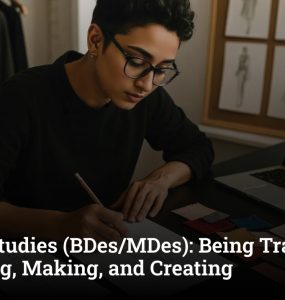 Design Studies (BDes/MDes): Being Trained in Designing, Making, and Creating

= = = = = = =

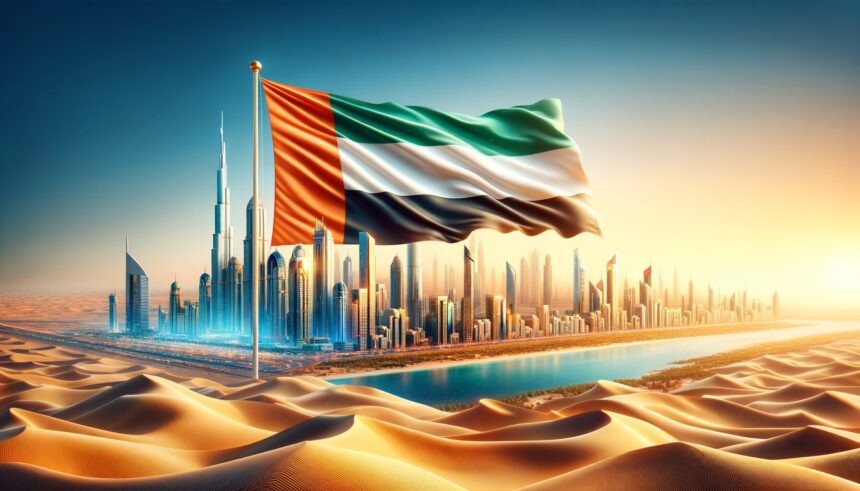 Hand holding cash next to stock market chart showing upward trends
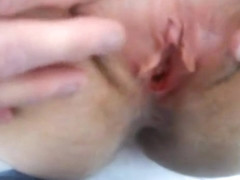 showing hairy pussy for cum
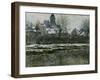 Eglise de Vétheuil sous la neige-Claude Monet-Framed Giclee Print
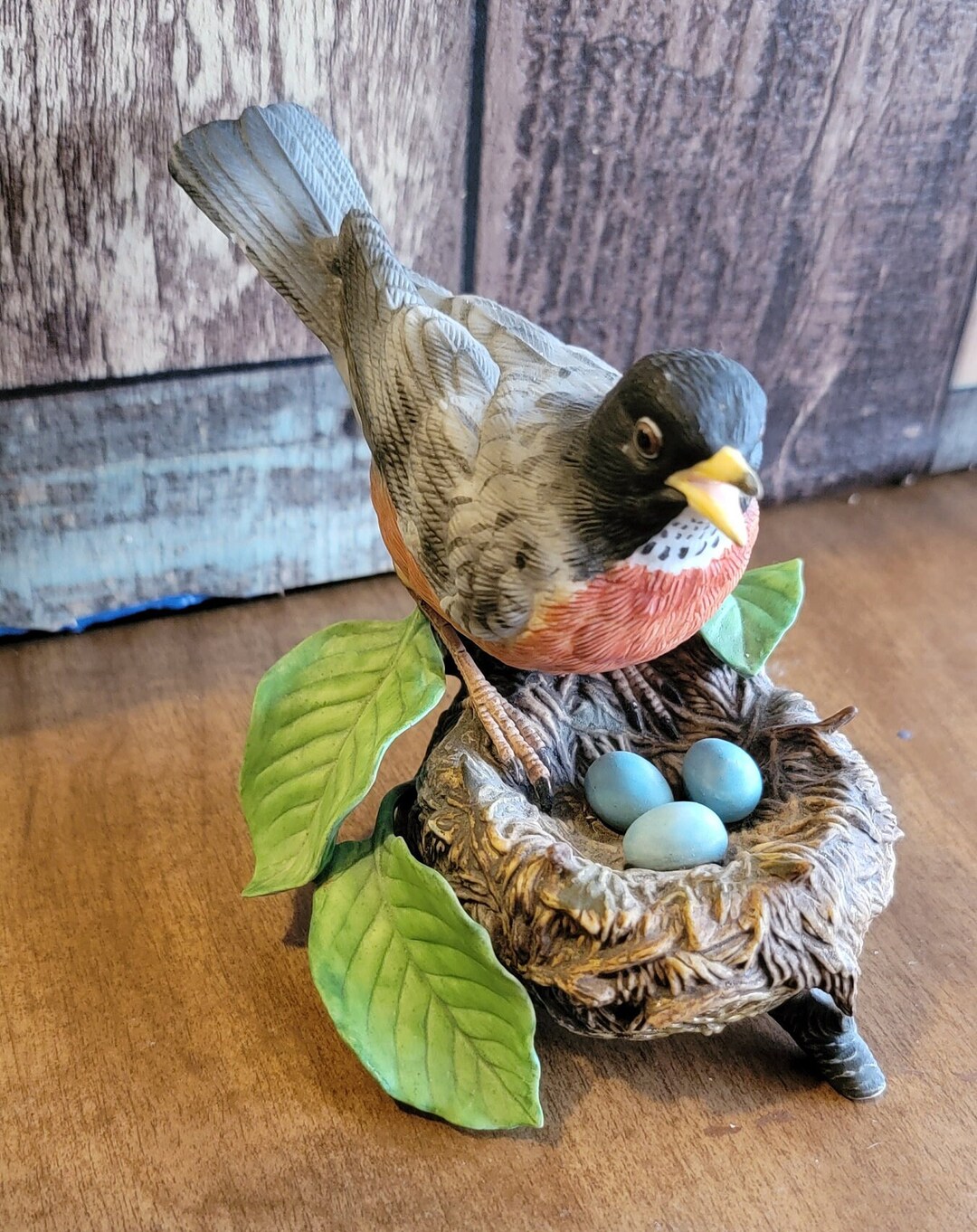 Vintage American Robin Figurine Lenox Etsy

= = = = = = =

▶ THE TASK
Write out word for word the lines above that run from the one with "Eglise de Vétheuil" to the one with "Vintage American Robin Figurine Lenox Etsy". Include both end lines; exclude the images.

▶ OUTPUT BELOW
 Eglise de Vétheuil sous la neige-Claude Monet-Framed Giclee Print
 Vintage American Robin Figurine Lenox Etsy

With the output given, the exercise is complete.